Mandated by HIPAA, most group health policies include a conversion privilege that allows members of the group to convert their coverage to an individual health insurance policy for 31 days after leaving a group plan due to a qualifying event. The value of this provision is that evidence of insurability is not required. This can be very important to a person who has health problems or pre-existing conditions when he/she has a qualifying event. Qualifying events include:
Under HIPAA, employers must make full health care coverage available immediately (upon eligibility) to newly hired employees who were previously covered by a group policy for at least 12 months, with no break in coverage greater than 63 days. Coverage must be made available with no probationary, look back, or waiting periods.
COBRA is a federal law that requires, upon the occurrence of a qualifying event, employers with 20 or more employees to provide for continuation of benefits under the employer’s group insurance plan for former employees and their dependents (at 102% of the required premium). COBRA provides transitional health care coverage until the employee and dependents can obtain coverage elsewhere.
Generally, the maximum period of coverage continuation is 18 months. However, if the qualifying event was death, divorce, disability, or a dependent child attaining age 19, the maximum period of coverage continuation is 36 months.

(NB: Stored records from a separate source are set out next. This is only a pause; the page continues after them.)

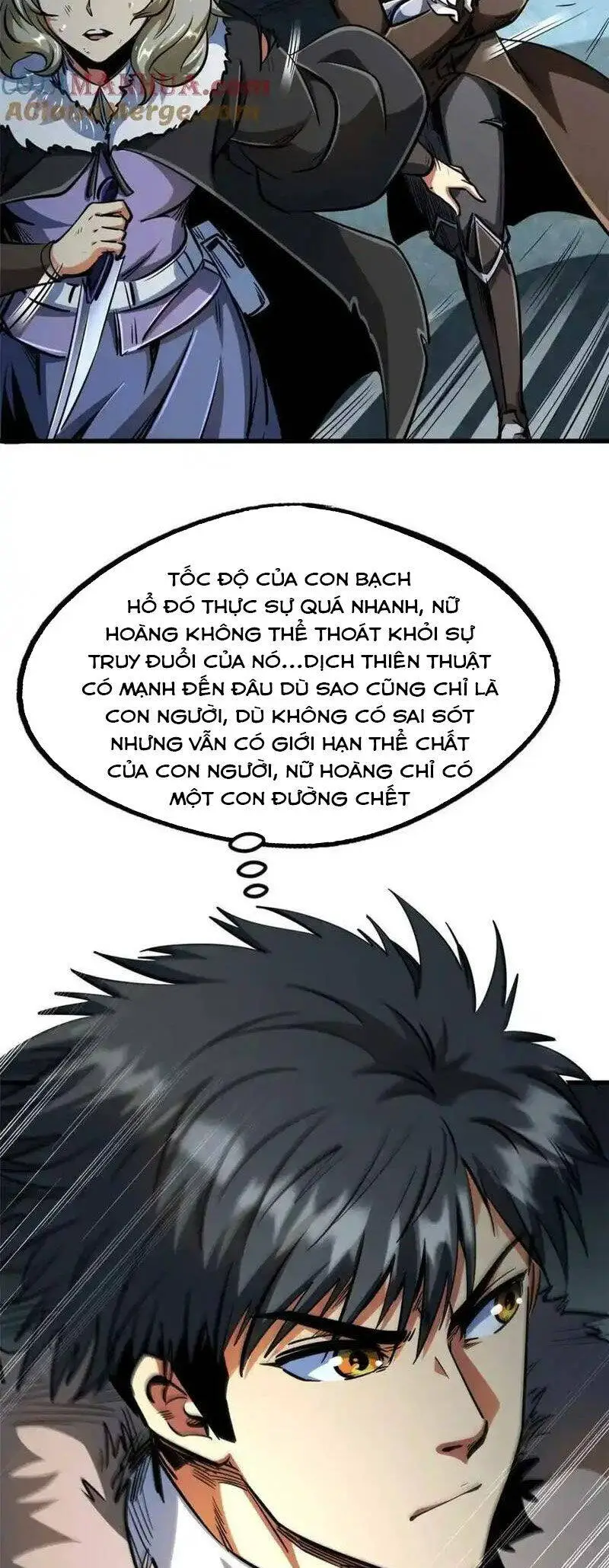 Siêu Cấp Thần Cơ Nhân Nettruyen ZZZ Chương 205 Page 41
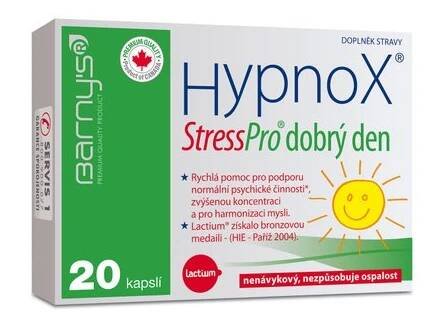 Barnys HypnoX STOPstres cps.20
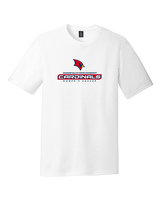 Saginaw Valley State University Womens Soccer Soccer - Tri-Blend Shirt
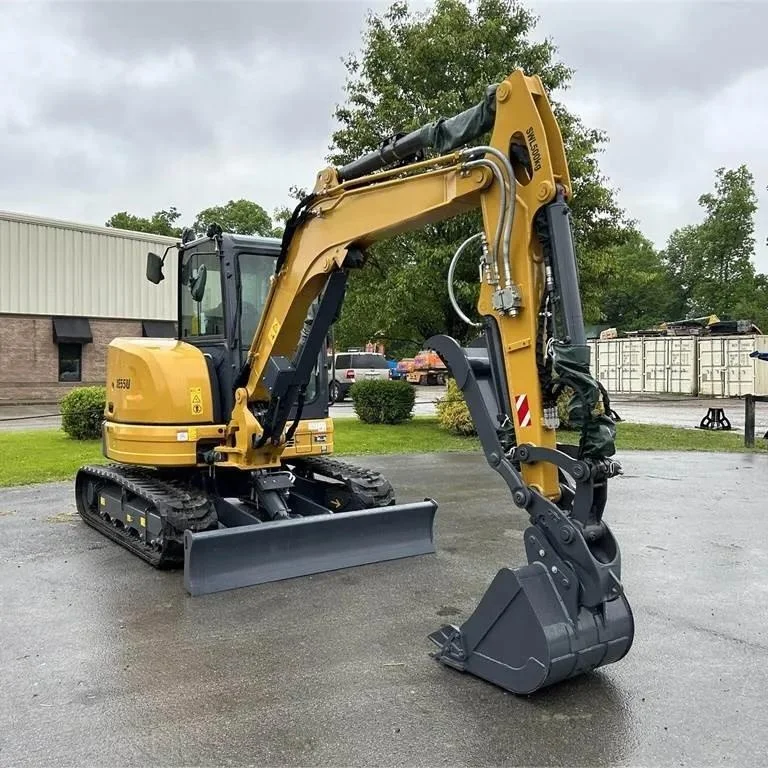 5ton Popular Mini Crawler Excavator XE55U New Hydraulic Excavator XE55U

Upon the occurrence of a qualifying event, the employee or dependent has 60 days to notify the group insurer or plan administrator of their election to stay in the group plan through COBRA. In effect, former employees may use the 60 days as a period of “free coverage,” by electing COBRA and paying the premium only if a claim arises. If the employee takes a new job (and enrolls in a new group plan), their new group coverage will most likely take effect before the transitional period allowed under COBRA expires. However, if COBRA is elected, the premium must be paid within 45 days.

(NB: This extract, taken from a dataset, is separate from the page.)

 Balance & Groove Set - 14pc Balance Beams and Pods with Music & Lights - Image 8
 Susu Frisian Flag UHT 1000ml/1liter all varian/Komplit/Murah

HIPAA requires that every insurer who offers individual health insurance must offer at least two plans on a guaranteed issue basis to any individual who has elected and exhausted COBRA and is not eligible for coverage under any other group plan, Medicare, or Medicaid.

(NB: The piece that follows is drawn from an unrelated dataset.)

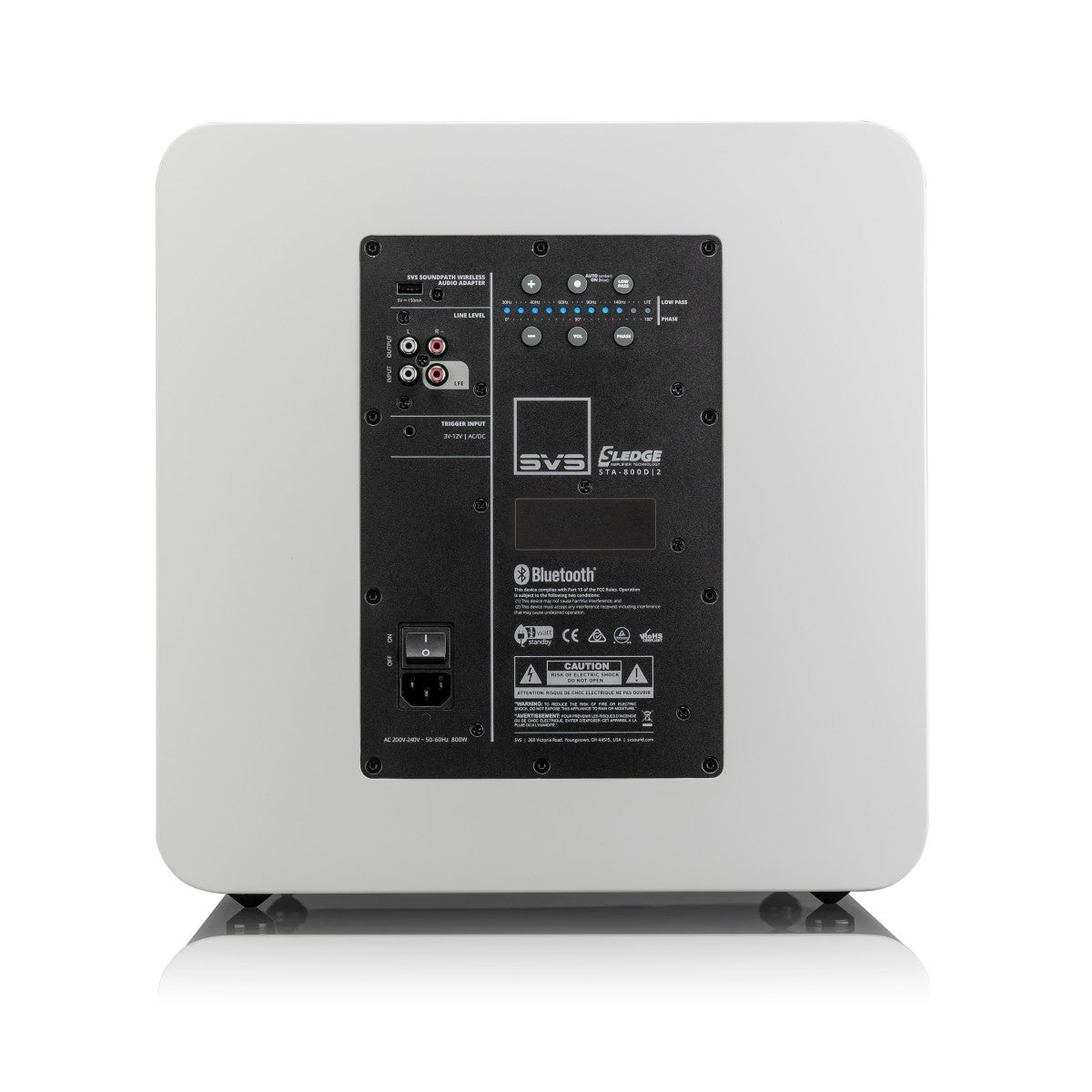 SVS SB3000 Subwoofer-GLOSS WHITE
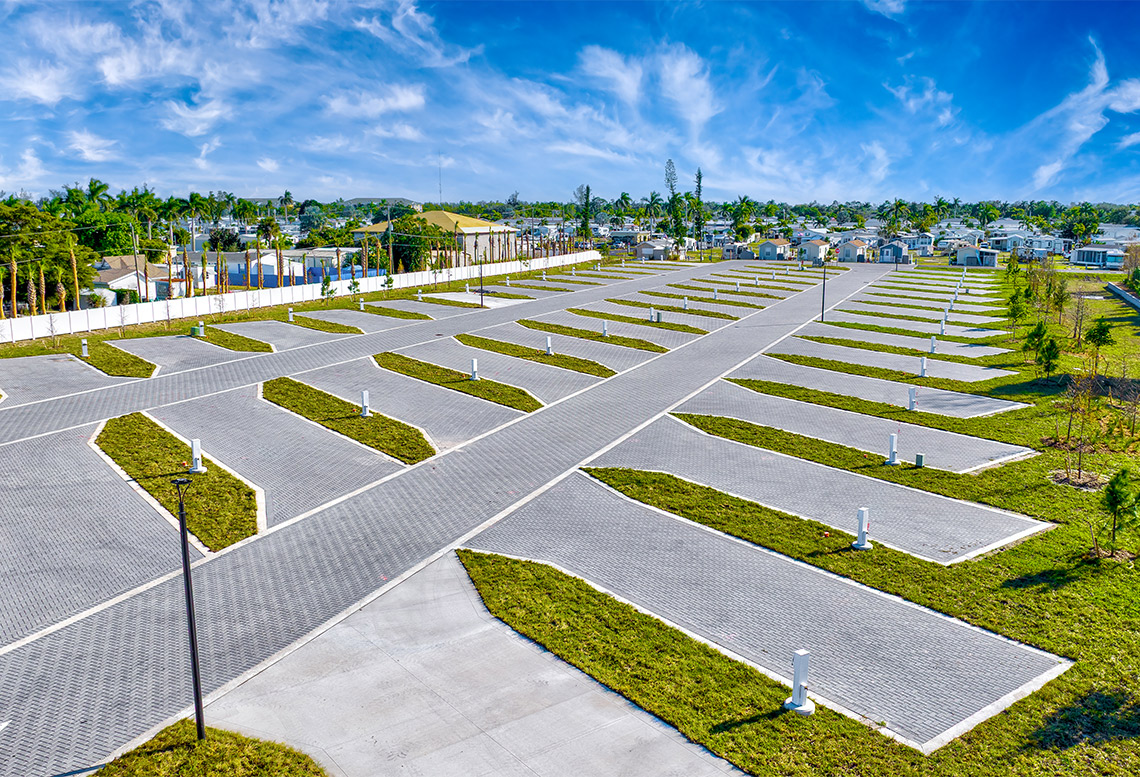 New RV Sites at Encore Fort Myers Beach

Blanket disability insurance is characterized as providing definite, ascertainable benefits to a changing, nameless group of people (the class). Any person entering the class of people covered under the policy is automatically covered. When they leave, coverage ceases. An example would be scout camp. The party responsible for the camp may purchase a blanket disability policy that will pay a flat dollar amount (maybe $5,000) to anybody who sustains an injury requiring medical care while attending the camp.
Franchise insurance is similar to the concept of METs (Multiple Employer Trusts) but with franchise insurance; each eligible participant is issued an individual policy. Premium levels are reduced somewhat from those of regular individual policies because of savings in underwriting expenses and plan administration costs.
Another form of group coverage similar to the MET is the Multiple Employer Welfare Association (MEWA), which is an alternative to true group insurance. MEWAs provide self-funded health care benefits to employees of several large employers. In recent years, the growth of MEWAs has slowed due to increased requirements governing legal reserves.
Under the Health Insurance Portability and Accountability Act (HIPAA), insurers must offer group health insurance to small employers without regard to health status. HIPAA also mandates coverage for pre-existing conditions, maternity care, and continuation privileges for members.
Alternative group coverage includes blanket disability insurance and franchise insurance, catering to nameless groups with specific benefits. Multiple Employer Welfare Associations (MEWA) offer self-funded benefits to employees of large companies.